STUDY MATERIAL:
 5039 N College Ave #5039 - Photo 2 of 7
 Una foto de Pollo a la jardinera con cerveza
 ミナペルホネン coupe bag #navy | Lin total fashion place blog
...
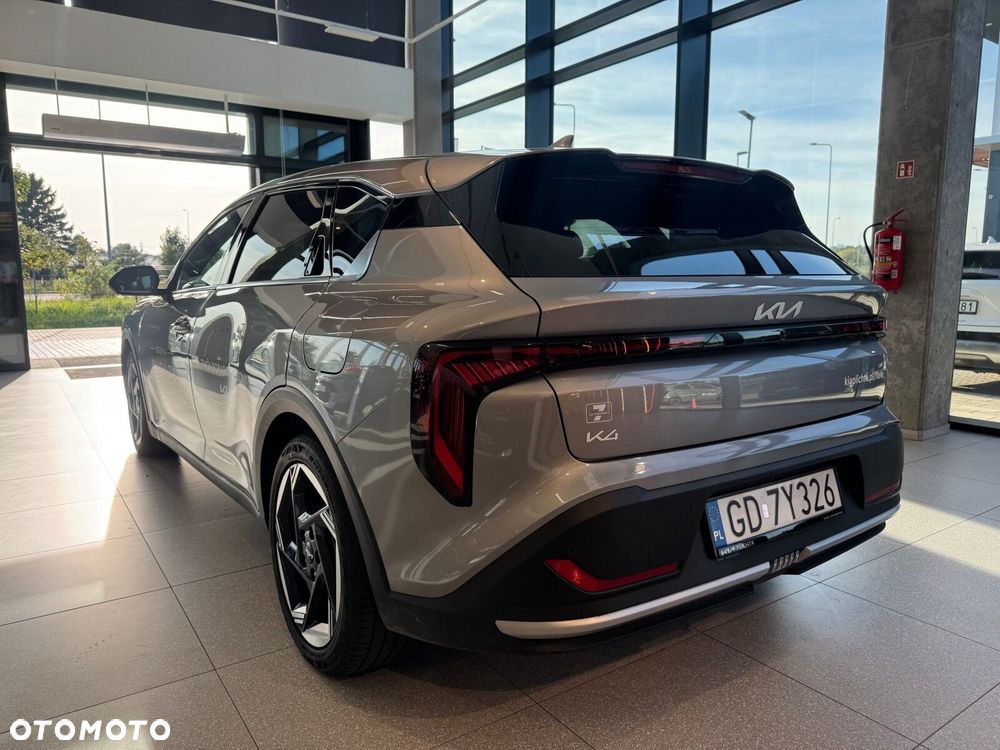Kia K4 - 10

HOW TO COMPLETE THIS TASK: Please, from the material above, copy only the lines from the line with "Una foto de Pollo a la jardinera con cerveza" up to and including the line with "ミナペルホネン coupe bag", exactly as written.

RESPONSE TO THE TASK:
 Una foto de Pollo a la jardinera con cerveza
 ミナペルホネン coupe bag #navy | Lin total fashion place blog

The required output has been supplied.